The progression of Duchenne muscular dystrophy (DMD) can be delayed in mice by adding their diet with urolithin A, according to new results published today. Findings published in Science Translational Medicine, raises hopes that new treatment options for DMD, an incurable genetic condition characterized by progressive muscle degeneration, could one day develop. Approximately 1 in 3,500 boys is born with DMD, which usually develops in childhood and significantly reduces life expectancy.
New research conducted in the laboratory of Professor Johan Auwerx, Ph.D. Sc. At the Swiss Federal Institute of Technology EPFL and the University of Lausanne, in collaboration with scientists from the Swiss life science company Amazentis, he highlights the important role that defective mitochondria can play in DMD.
Mitochondrial cell cells produce the energy needed for normal muscle function. But muscle cells taken from both human patients with DMD and mice bred to mimic the condition show significant deficiencies in mitochondrial activity, the study found. In particular, gene expression patterns show that the development of DMD is associated with a significant reduction in mitophagy – process cells rely on the removal and recycling of defective mitochondria and the maintenance of high energy levels.
Duchenne muscular dystrophy is the most common fatal genetic disease diagnosed in childhood, but no cure is yet available. Our work represents a significant breakthrough in the search for new therapeutic approaches for muscular dystrophies. “
Johan Auwerx, Ph.D. Med., Lead Author and Professor, EPFL
The natural compound Urolitin A is known to activate mitophagy and improve mitochondrial health in both mice and humans. When the study’s scientists and lead authors, Peiling Luan and Davide D’Amico, fed the compound DMD mice for only ten weeks, they saw how mitophagy levels effectively increased by returning them to normal. This has led to a significant reduction in muscle damage and improved muscle health and performance. DMD mice administered urolithin A recorded a 31% increase in grip strength and a 45% increase in running performance compared to control untreated animals. And they lived longer – survival increased by 40%.

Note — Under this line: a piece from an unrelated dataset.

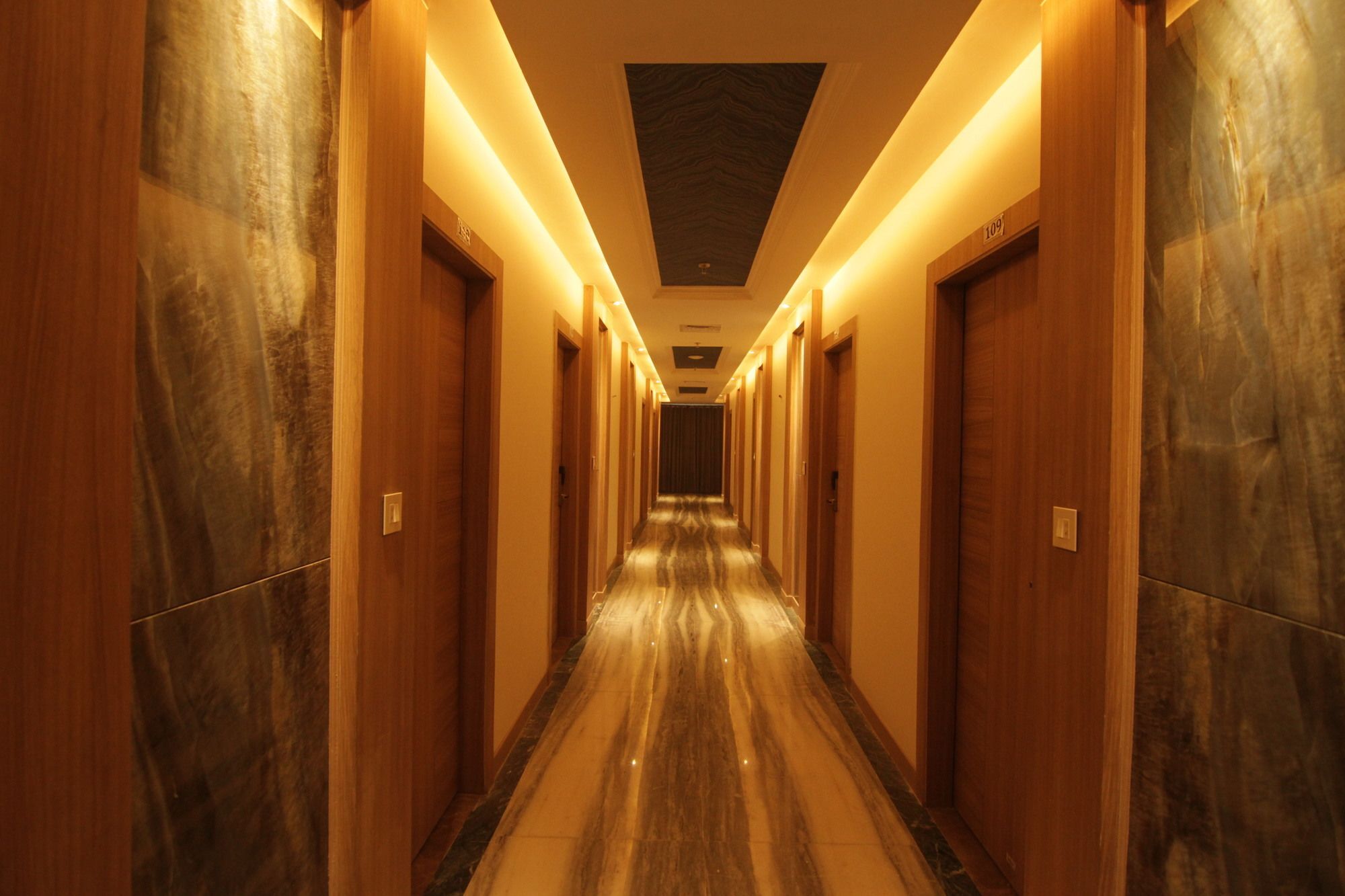 Oyo 2054 New Hotel Broadway Benares Buitenkant foto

Important for human disease, Urolitin A reduced a harmful condition called fibrosis in the muscles of the DMD mouse heart and diaphragm by 36% and 39%, respectively. Similar damage seen in DMD patients usually leads to fatal heart or respiratory failure. Urolithin A could also enhance the regeneration of muscle stem cells. This is especially important for the disease in humans because the onset of DMD is associated with depletion of functional stem cells.
Davide D’Amico, Ph.D., project manager at Amazentis and first author, said: “Prior to this study, it was understood that dramatic loss of muscle function in DMD patients was associated with mitochondrial dysfunction. Here we found that defective mitophagia, removal and recycling dysfunctional mitochondria, plays a key role in the progression of DMD. “
Chris Rinsch, Ph.D., co-founder and CEO of Amazentis, said, “Strict science published in Science Translational Medicine strengthens the scientific evidence of urolithin A as a potent enhancer of muscle function. It is exciting to see how this natural metabolite can support not only healthy muscles, but also promises progressive muscle disease in preclinical research. “
Ecole Polytechnique Fédérale de Lausanne
Luan, P., and others. (2021) Urolitin A improves muscle function by inducing mitophagia in muscular dystrophy. Science Translational Medicine. doi.org/10.1126/scitranslmed.abb0319.